Two eminent political scientists recently argued in Foreign Affairs that the “liberal order is rigged.” While well-educated Americans have seen their incomes swell, the incomes of poorly-educated Americans have fallen by a quarter in recent decades. Little in the way of a safety net exists to catch those whose boats have not been lifted by an ostensibly rising tide. The two authors admit they had been blind to this problem until the rise of populism and fake news alerted them to a larger, uncomfortable truth. Similarly, as the 2016 election went on and worries about fake news piled up among the American elite, the New York Times ran a grudgingly positive review of J.D. Vance’s book Hillbilly Elegy: a memoir about the white rural poor in Appalachia, one of many groups seemingly excluded from this liberal order. It is not unreasonable to suggest that fake news may have helped jolt the Times into gritting its teeth and extending greater attention to segments of the American people it had long been more content to ignore.
It may be contended that the rise of new media through platforms such as Facebook has transformed fake news from something innocuous to a genuine threat. This view, while understandable, should be considered disproportionate and ahistorical. If the speed and volume by which these stories can be transmitted has increased, it is only because the speed by which all information travels has increased. Today, a trumped-up story may reach a million pairs of eyes instead of ten thousand, but never again will an entire town be hoodwinked by a report that the wrong presidential candidate has won—as the readers of the Iola Register were by false reports of Bryan’s victory over Taft in 1896. The reach of fake news stories online has, moreover, been much exaggerated: Stanford political scientist Morris Fiorina argues in his new book that these stories reached only a small fraction of Americans during the most recent election cycle.

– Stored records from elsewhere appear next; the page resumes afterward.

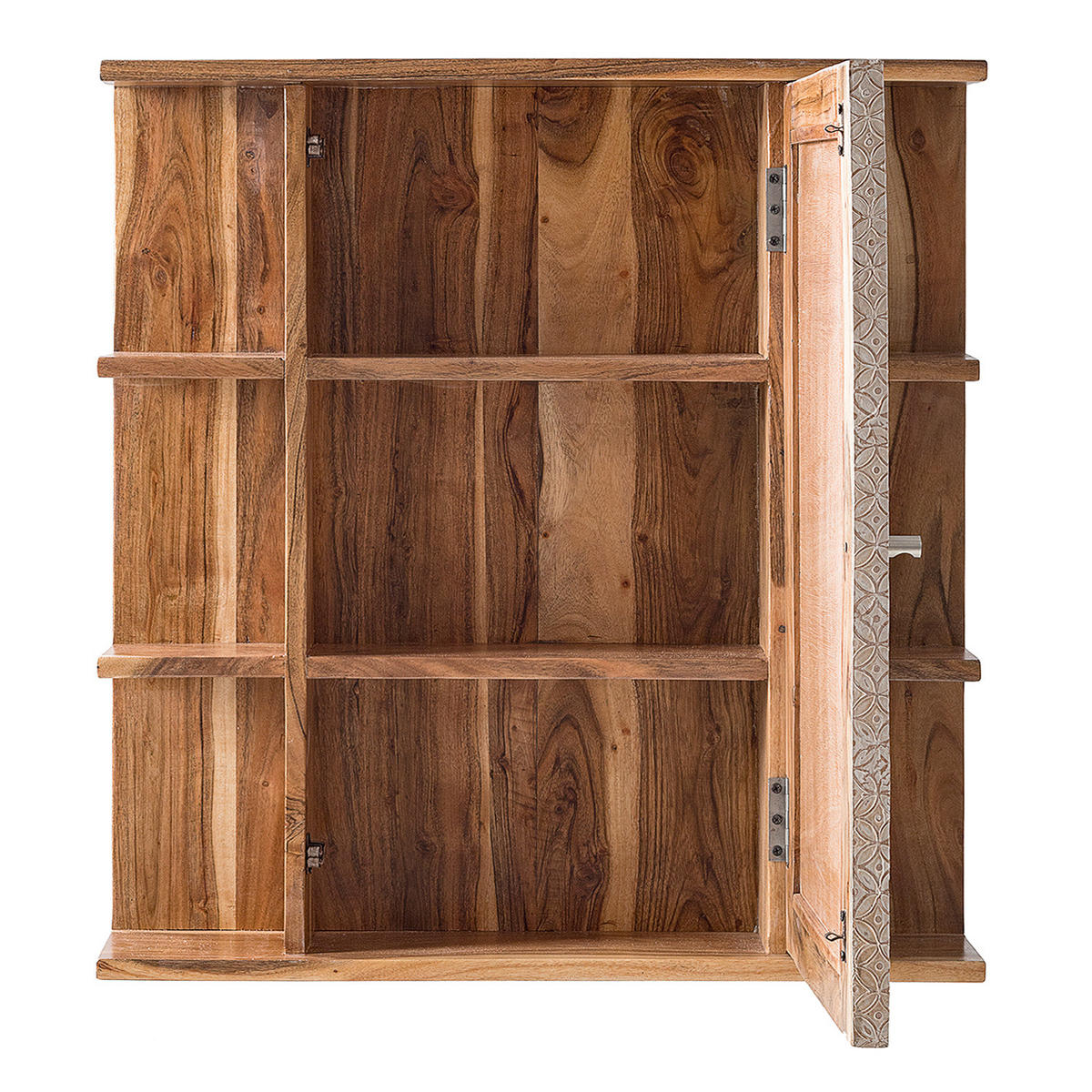 BADEZIMMERSET - 3-teilig - Akazie teilmassiv - Ecru / Akazie - Akaziefarben, Holz/Holzwerkstoff (130/180/30cm) - home24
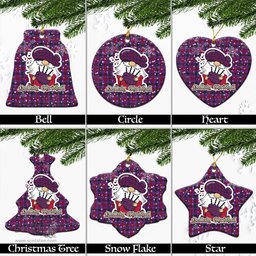 Scottish Montgomery Modern Tartan Christmas Ornaments with Scottish Gnome Playing Bagpipes Scottish Plaid Tartan Plaid - ScotsTee - scotstee.com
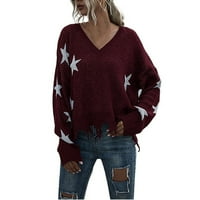 Lovskoo жени с v-образно деколте пуловер пуловер Дами ежедневни плътни цветове V-Neck Loose Knit пуловерни върхове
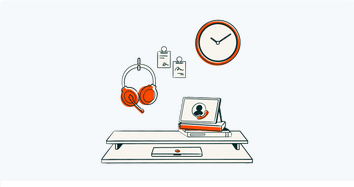 Illustration of a workspace with clock and headset symbolizing automation and time-saving RevOps workflows.
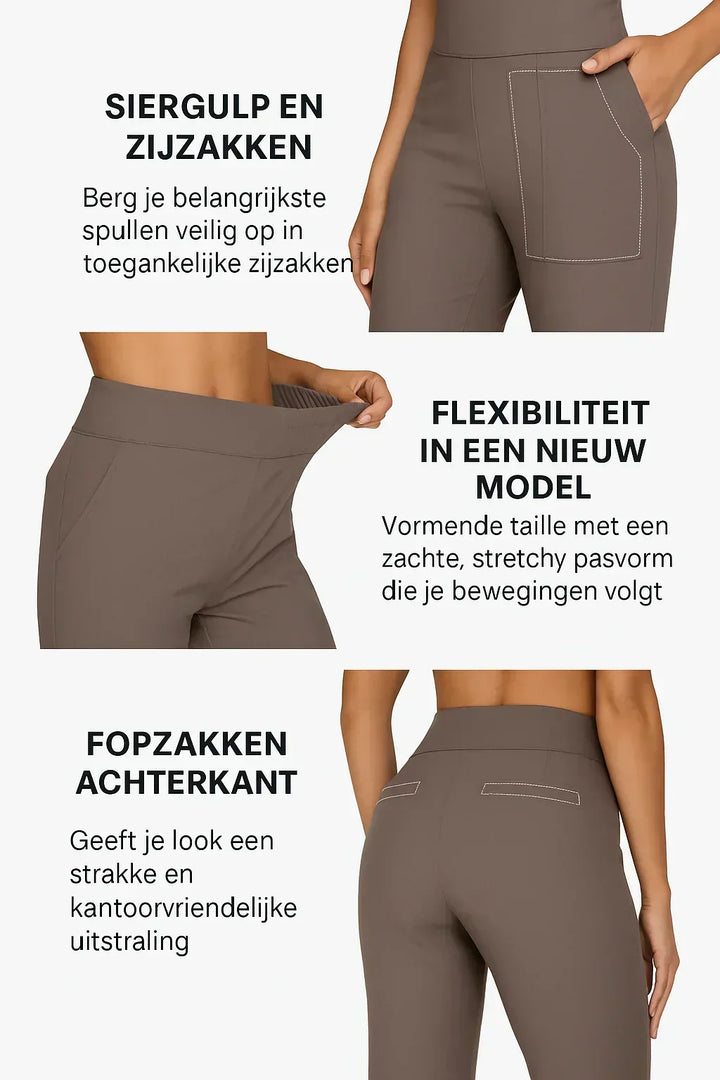 Women's elegant straight leg pants, high-waisted, comfortable fit, ideal for modern fashion.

The proliferation of false stories and attacks on reputable media outlets may make us uncomfortable, but history demonstrates that there is little to fear in terms of long-term erosion of societal norms. Instead, the return of fake news should be recognized as a normal feature of a society undergoing democratic reinvigoration within a market of ideas and media. If a decadent establishment is being shocked into re-engagement with the people it represents, the positive consequences of this transition will outlast the temporary unpleasantness of fake news. If we are indeed the good democrats we profess to be, we should find the strength to take a modicum of joy in the notion that a popular fury has been unleashed on an American elite which is at least as complacent as that of 1894.